On paper, the shutdown didn’t look like much, at least from a travel point of view. Both federal Transportation Security Administration screeners and air traffic controllers remained on the job. America’s embassies and consulates stayed open, and passport applications were still being processed.
But in practice, it turned out to be a significant event. Travelers were unprepared for the closing of America’s 401 national parks, which included all monuments along the Mall, the Smithsonian museums and the National Zoo. “People wanted to know, ‘What does any of this have to do with the issues in Washington?’ ” says John Reynolds, a former deputy director of the National Park Service. “The answer is: ‘It has absolutely nothing to do with it.’ They were absolutely appalled.”

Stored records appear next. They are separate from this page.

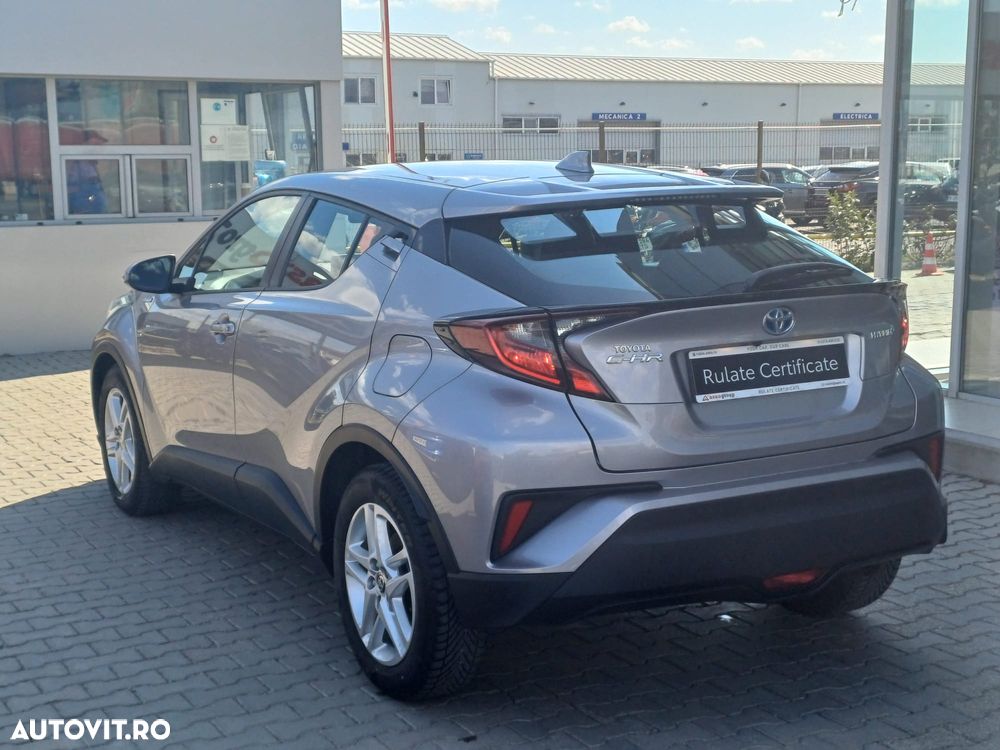Toyota C-HR 1.8 HSD 122 CP 4x2 CVT C-enter - 6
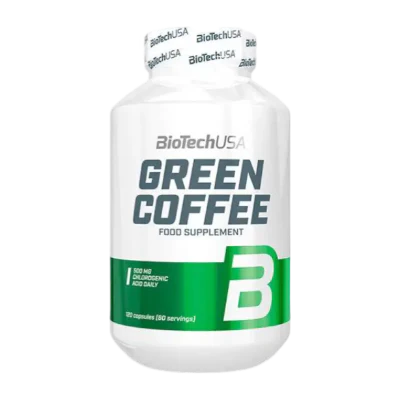 Green Coffee 120 caps BiotechUSA in vendita su dietaesport.com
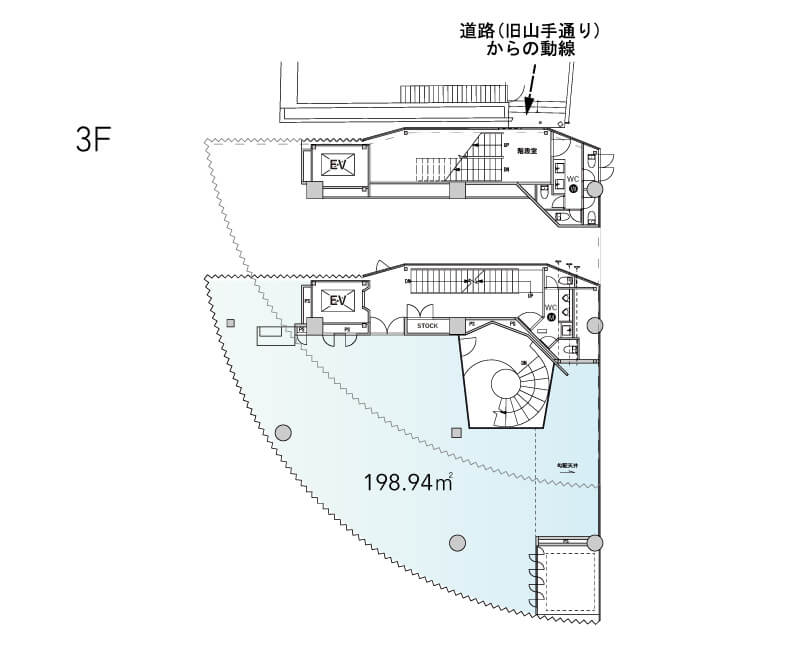 FACET71 3Fの図面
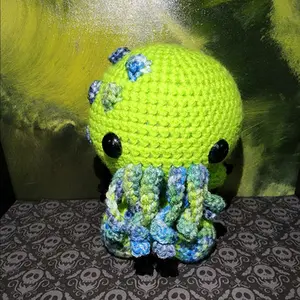 Baby Cthulhu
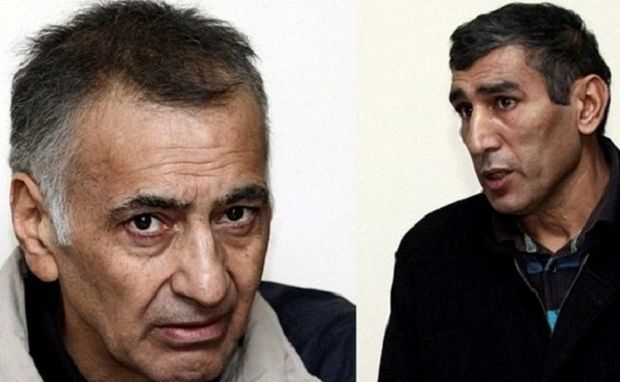 Beynəlxalq Qırmızı Xaç Komitəsi Dilqəm Əsgərov və Şahbaz Quliyevə baş çəkib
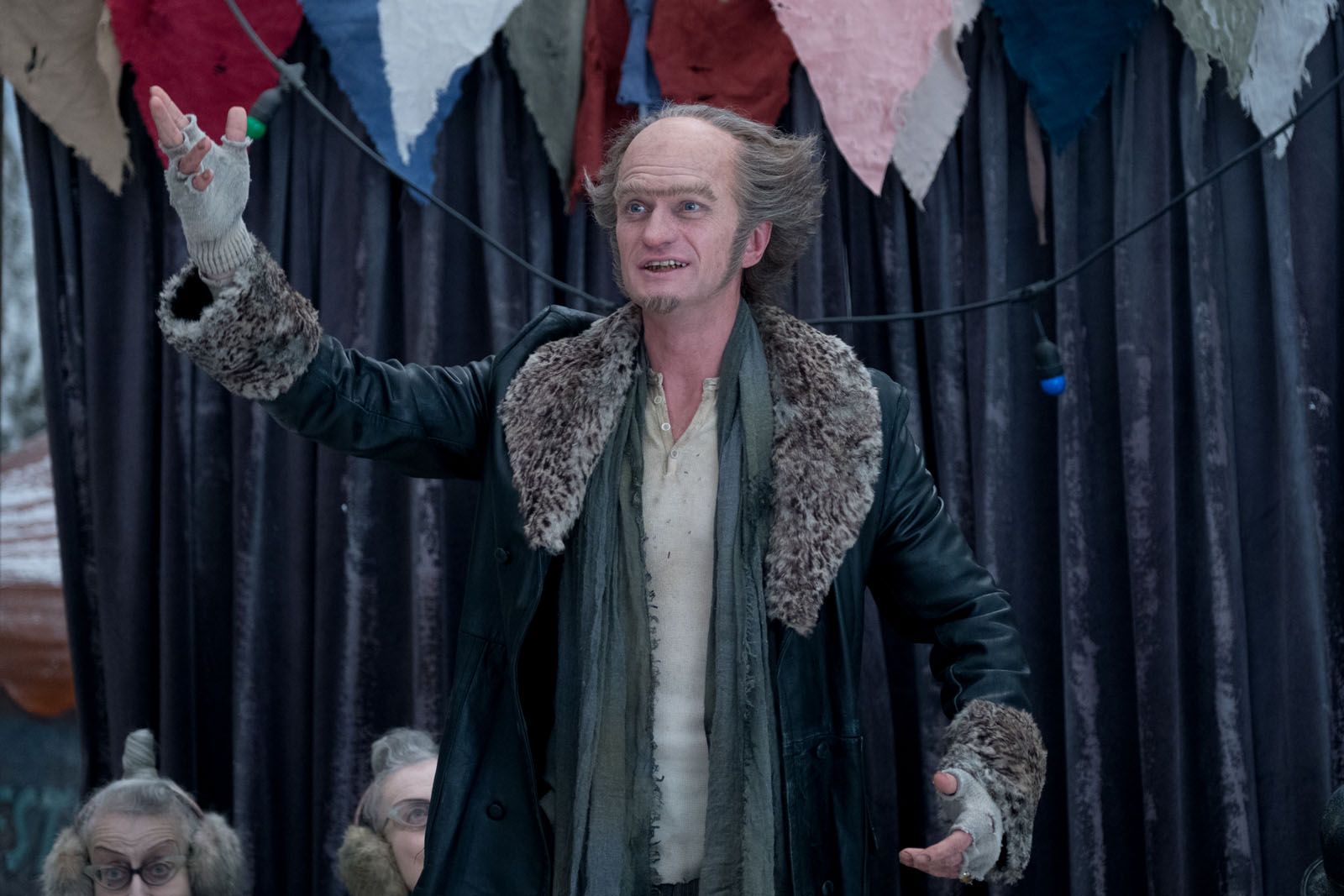 Lemony Snicket Desventuras em Série Fotos Neil Patrick Harris 8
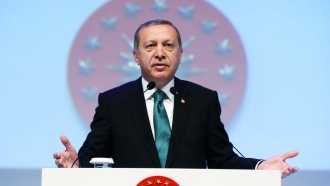 Эрдоган предупредил Германию о последствиях признания геноцида армян
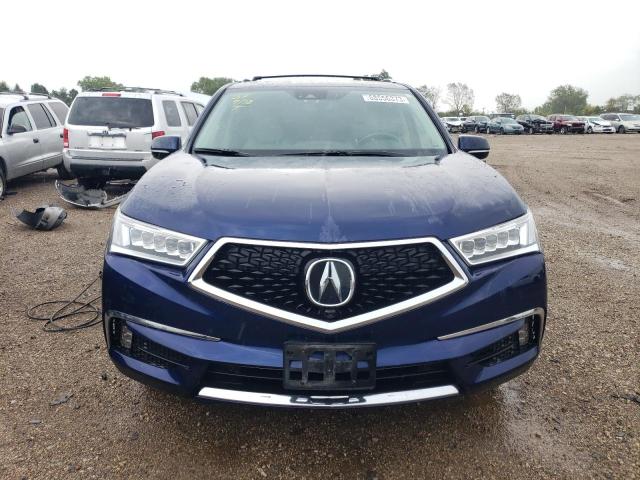 5J8YD7H72KL000117 Acura MDX SPORT 5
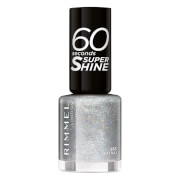 Rimmel 60 Seconds smalto glitterato - Extra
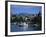 Cavtat Harbour, Dalmatia, Croatia, Europe-Nelly Boyd-Framed Photographic Print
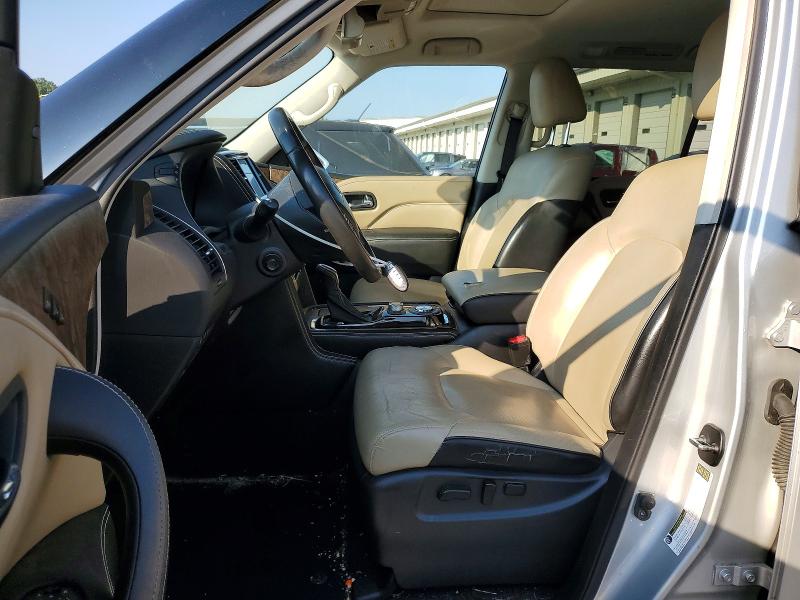Продаж на аукціоні авто 2021 Infiniti Qx80, vin: JN8AZ2AF2M9716557, номер лоту: 66977146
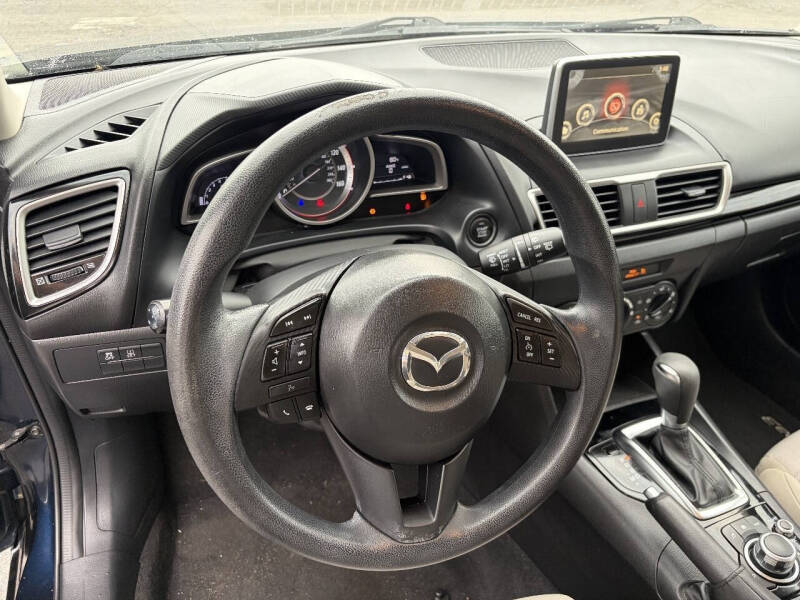 2016 Mazda MAZDA3 i Sport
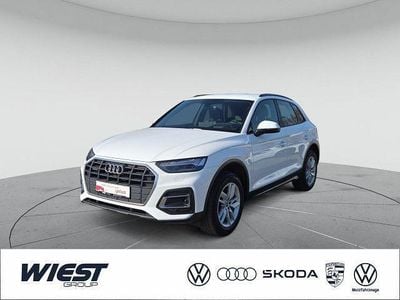 Gebraucht Audi Q5 Comfort 299 PS (219 kW) 2022 Ibisweiß SUV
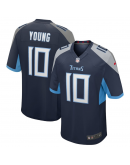 Vince Young Tennessee Titans Jersey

Count Kristy Michael among them. She was camping in Grand Teton National Park on Oct. 2 when a park ranger at Gros Ventre Campground ordered her and her husband to pack up their Airstream and leave the facility within 48 hours, a day earlier than planned. “Our original plan was to head south from Grand Teton and visit Arches, Bryce Canyon and Zion National Parks in southern Utah,” she adds. “Of course, with the shutdown that won’t be happening.”
This is possibly the worst time of year to close a national park, particularly in the western United States. “Because temperatures here in the desert are starting to cool down, this time of year is incredibly important to us,” says Robert Richardson, who runs a recreational gear review site in Las Vegas. “To have these parks close during the peak of the season is devastating to our tourism industry.”
Making matters worse, the National Park Service has threatened anyone entering any of the national parks or national wildlife refuges with a $5,000 fine and jail time of up to six months, an action that Richardson called “absurd.” As of early last week, 21 people have reportedly been issued citations for entering Grand Canyon National Park.
The effects are also being felt closer to the capital, where many of the city’s popular museums went dark. Marcy Schackne, a vice president for a luggage company in Fort Lauderdale, Fla., had plans to fly to Washington later this month for a wedding but has already canceled her museum visits. “Nothing is open,” she said. The happy couple was planning to get hitched in the District, but Schackne fears that the closings could force them to change their wedding plans, too.
Across the Potomac in Arlington, the combined effects of a slump in tourism and canceled trips related to the government shutdown has resulted in up to a 50 percent drop in hotel revenue, according to Cara O’Donnell, a spokeswoman for Arlington Economic Development. “It’s a mix of meetings of government business and contractor events that are being canceled, school groups and leisure travel,” she says. “It’s really hurting us.”
Travelers, meanwhile, are quick to blame their travel problems on the shutdown, even when the connection is tenuous at best. Don Fairley, a retired marketing executive from Long Beach, Calif., says that he endured a 1½-hour wait at customs in Houston after flying in from Frankfurt, Germany, last week. “It was a total mess,” he says.
Helene Ward and her husband were returning to Washington Dulles International Airport from Athens on Oct. 2 when they were met with “inordinately long lines” at customs. Ward believes that their two-hour delay was a direct result of the shutdown, even though customs officers aren’t supposed to be affected by the furloughs. “There was only one customs officer,” she remembers. “It was bad enough for Americans to see how dysfunctional our government is, but shameful for foreigners to see us at our worst.”
While these problems, both real and imagined, may pale in comparison with the disaster that some predict will occur if the U.S. government defaults on its debt — a possible result of the legislative brinksmanship — I can’t help adding my own tale of woe. I’m scheduled to start a three-week tour of America’s western national parks, including Yellowstone and Grand Teton, on Monday. Even if all the parks reopen, Reynolds says that it will take weeks for them to be fully up and running smoothly.
I don’t know how to break it to my kids, ages 6, 8 and 11. Maybe I should start by telling them a little bit about how our government works — or doesn’t work.
There’s no substitute for a closed museum or park. You can’t replace a visit to the South Rim of the Grand Canyon, because there’s nothing on Earth like it. Thanks to the closings, our trip, and many others, could end in disappointment.
Perhaps the only real solution is to let Congress know how unhappy you are about your foiled travel plans. An e-mail or phone call would do the trick, but experts agree that the best opportunity to express your disapproval may be at the ballot box.